Before he was thrilling Broncos’ fans, Tebow was a star college player at University of Florida where he led the Gators to the SEC Championship game in 2009. In the final moments of the team’s defeat, Tebow can be seen crying on the sidelines. “Tebow crying demonstrated the emotion he puts into the game, and it generated a variety of responses,” The Huffington Post said. Even then, Tebow was dividing American opinion.


“Big Baby” lived up to his nickname during a Celtics’ game in 2008 when he got his feeling hurt and began to cry on the sideline after teammate Kevin Garnett chewed him out. “I get the frustration, nobody puts Baby in a corner,” joked one blogger. Davis dealt with the situation quietly with a towel on his head, yet he’s faced a bit of ridicule from league commentators ever since. He may never live this one down in the eyes on NBA fans either.


“As the second weekend of the 2006 NCAA Basketball Tournament drew to a close there was one water cooler topic that proved to have legs. It was Adam Morrison’s crying jag on the floor of the Oakland Coliseum,” said a San Francisco Chronicle blogger. After Gonzaga took a heartbreaking loss at the hands of UCLA, the college basketball phenom broke down near midcourt. It wasn’t the public display of emotion that bothered people as much as Morrison’s inability to wait until after the final buzzer to show it – he began to fall apart with two seconds left and a chance for his team to rally back.
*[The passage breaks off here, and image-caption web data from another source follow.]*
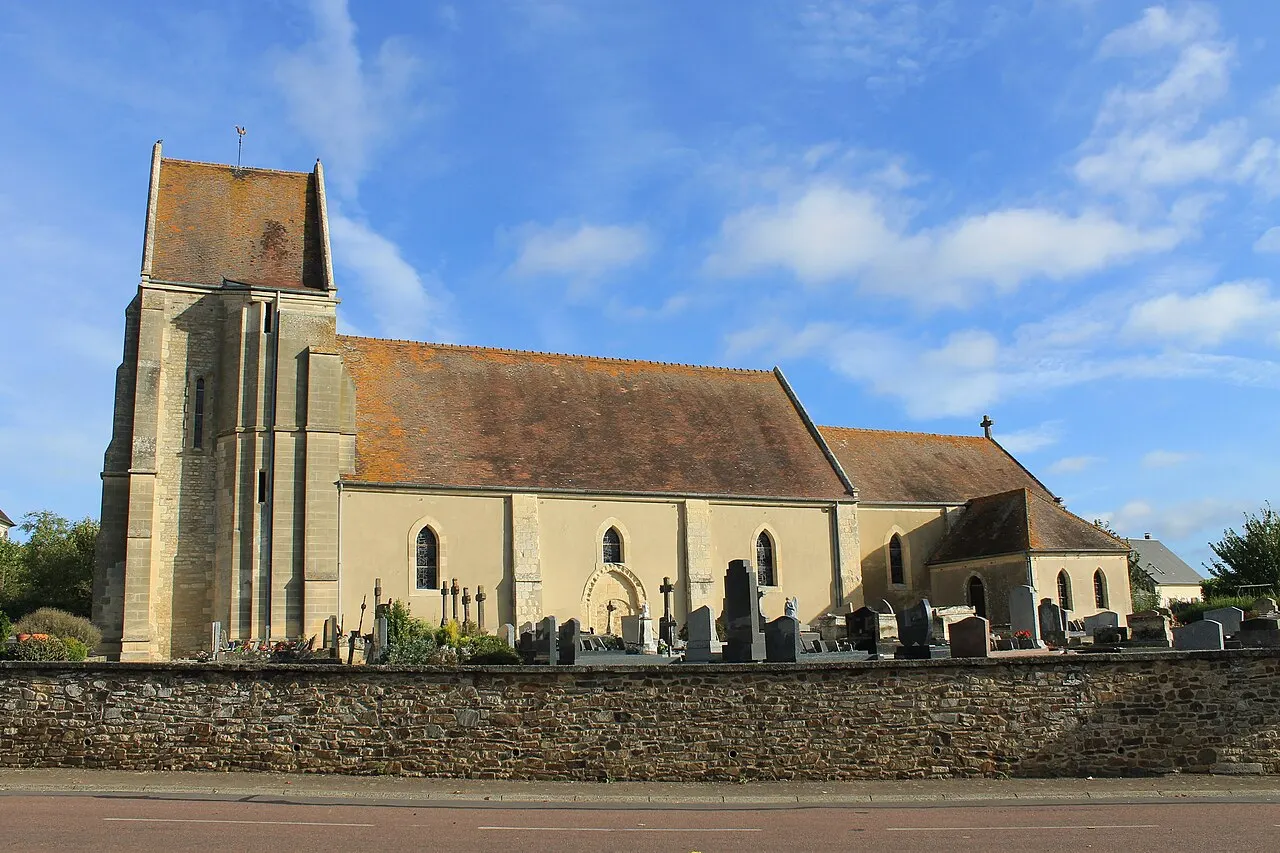 Église Saint-Denis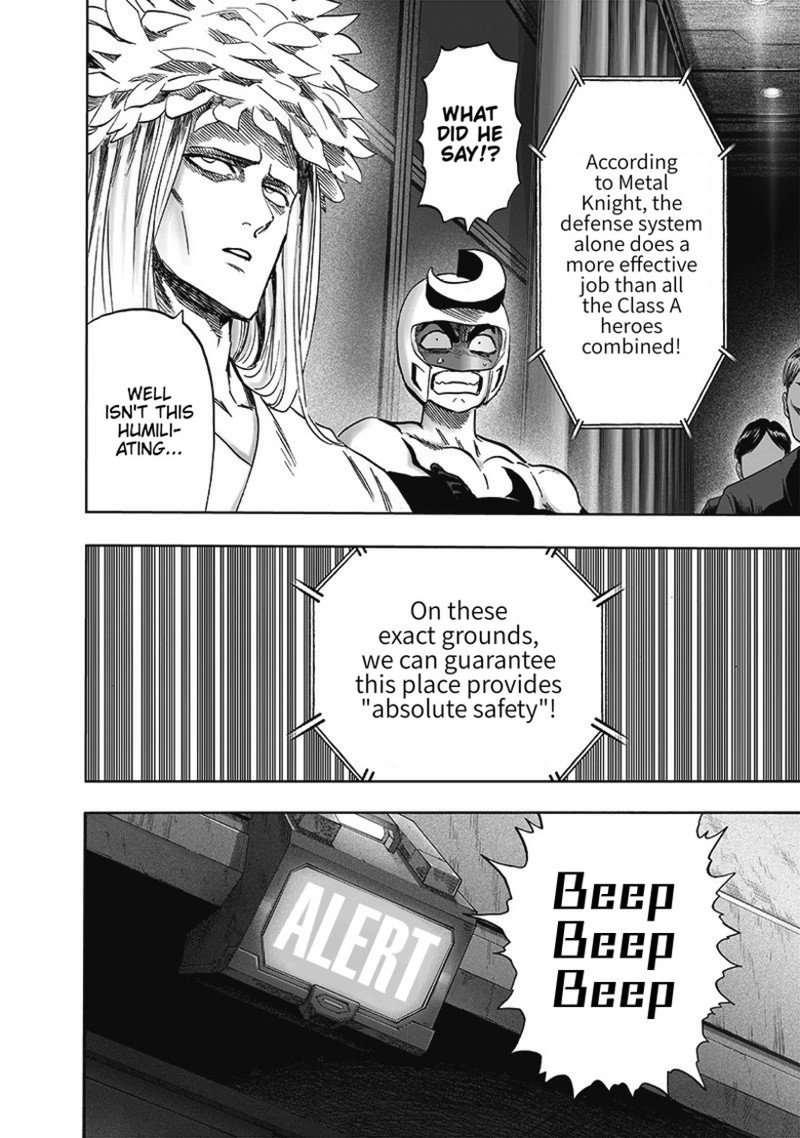 One-Punch Man Chapter 231 - Page 14
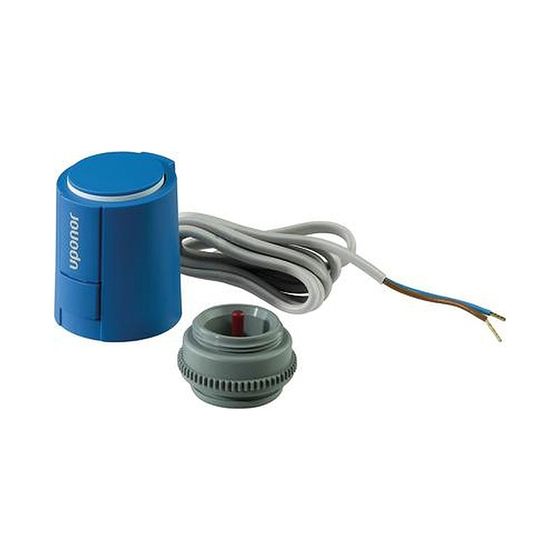 Uponor Vario PLUS Thermoantrieb PRO 230V 1W NC VA02 MT 30x1,5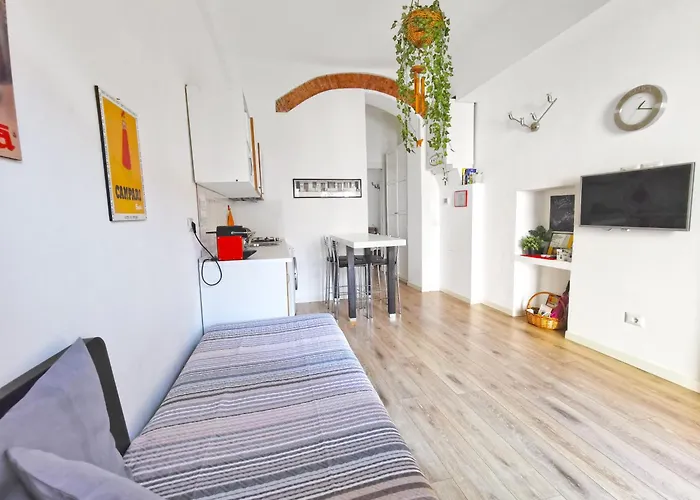 Apartmán Likehome - Via Crema Milán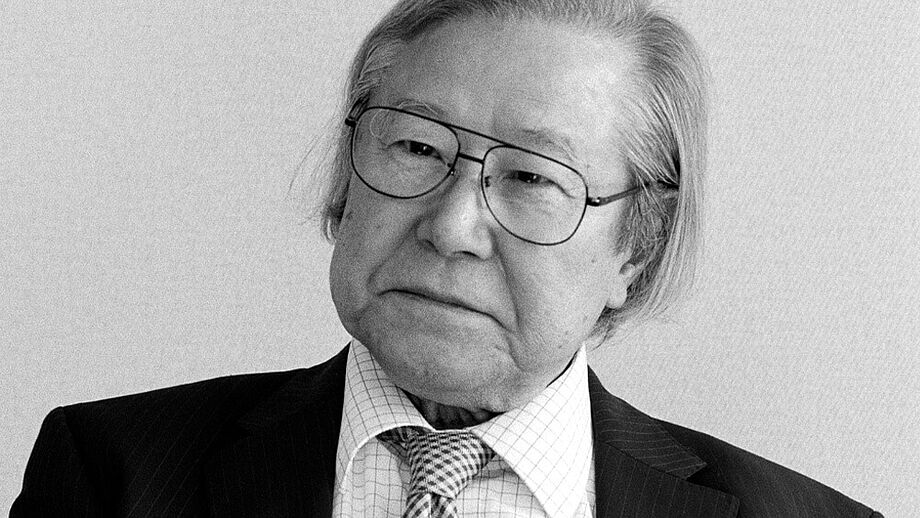 Heisuke Hironaka.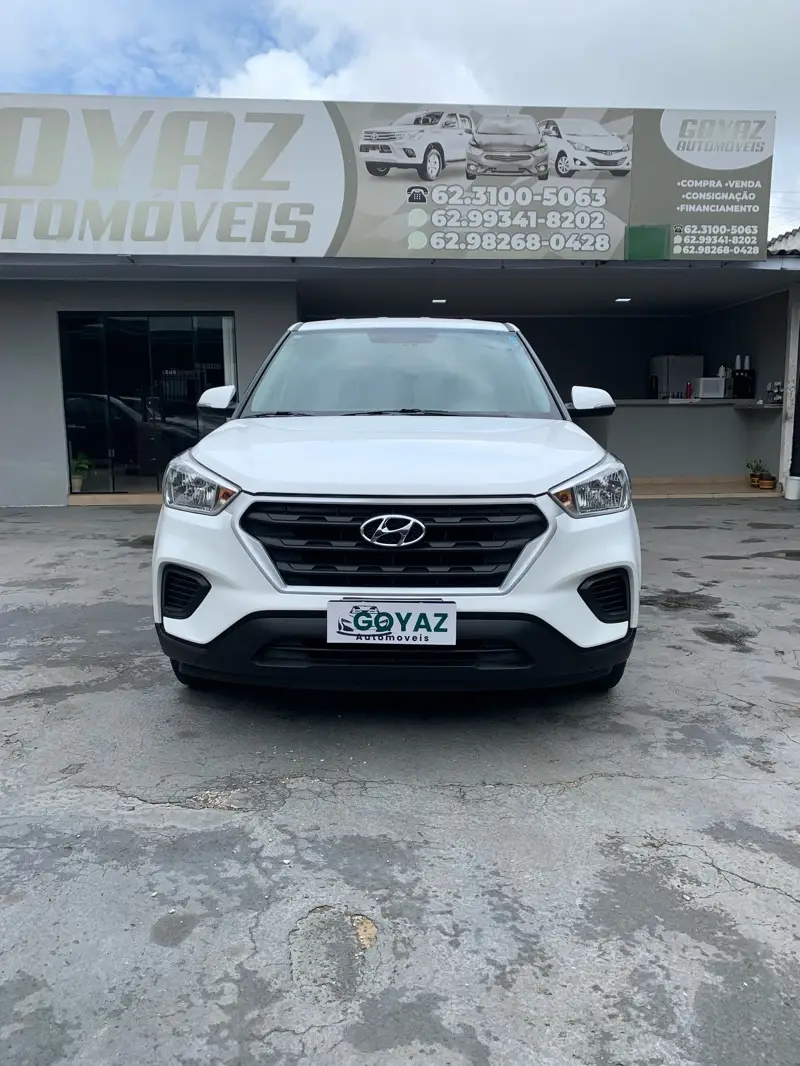 Hyundai Attitude 1.6 (Aut) (Flex) (PCD)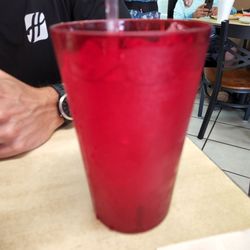 Taqueria El Chato - Fresh limeade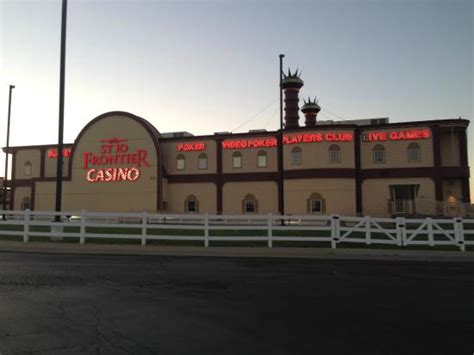 St Joe Fronteira Casino De Pequeno Almoco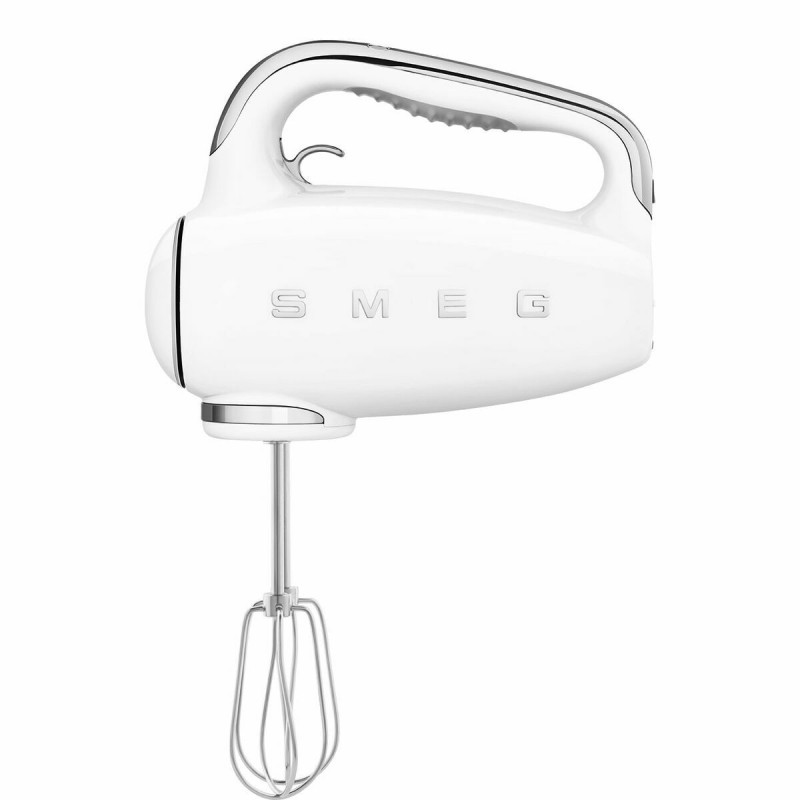 Sbattitore-Impastatrice Smeg HMF01WHEU 250 W Sbattitore-Impastatrice Smeg HMF01WHEU 250 W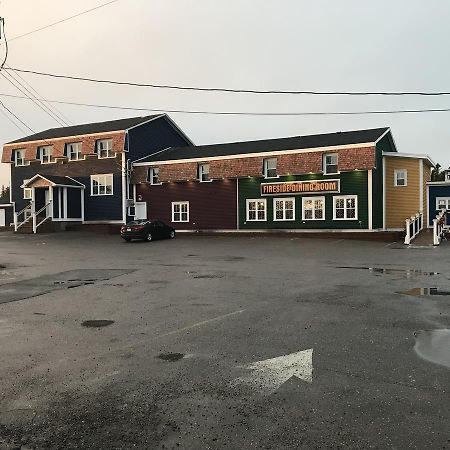 Seaport Inn Port Union Экстерьер фото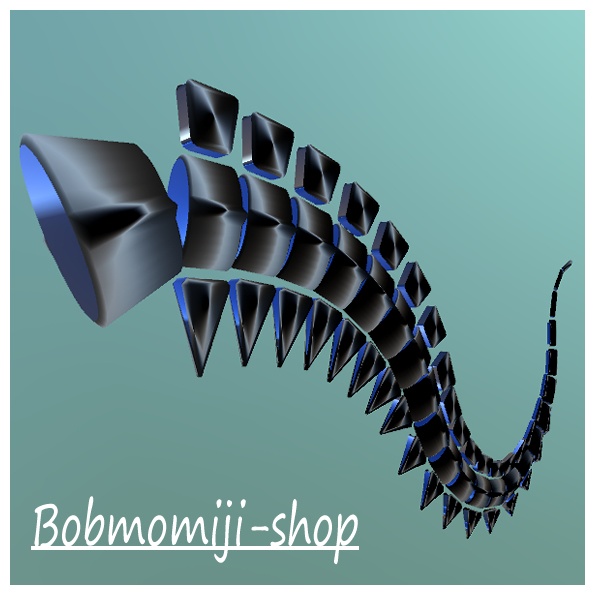 【PB対応】Bone Tail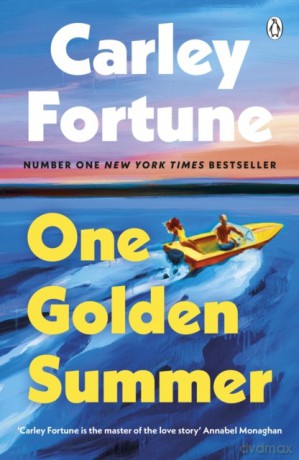 One Golden Summer wer. angielska - Carley Fortune [KSIĄŻKA]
Perhaps as famous as Christian Laettner’s game-winning shot against Kentucky in the 1992 NCAA tournament. He “reacted as if he just won the lottery,” said one writer. Hill is remembered for a play he wasn’t even in the game at the time for. But the cameras centered in on him first after Laettner’s big shot, and he is forever immortalized as the face of one of the greatest moments in the tournament’s history.


After Spain took home top honors at the 2010 World Cup, team captain and goaltender Iker Casillas wept like crazy to celebrate the victory. The win meant a great deal to the country, too. “Many of this morning’s newspapers in Spain have hinted that the victory could herald a new dawn for the country, where a sense of national identity might now take precedence over regional concerns,” reported CNN.


McCall won the heavyweight title in 1994 after knocking out Lennox Lewis. Three years later at the rematch, McCall had a breakdown and refused to continue to fight. Years later, when discussing the episode, he said: ““I usually cry when I go to the ring anyway. So I can pump myself up emotionally. So I can really inflict what I need to inflict on my opponent. That’s my only way of really pumping myself up other than him actually hitting me. Before I do so.” Since his boxing career ended, McCall has suffered from drug abuse.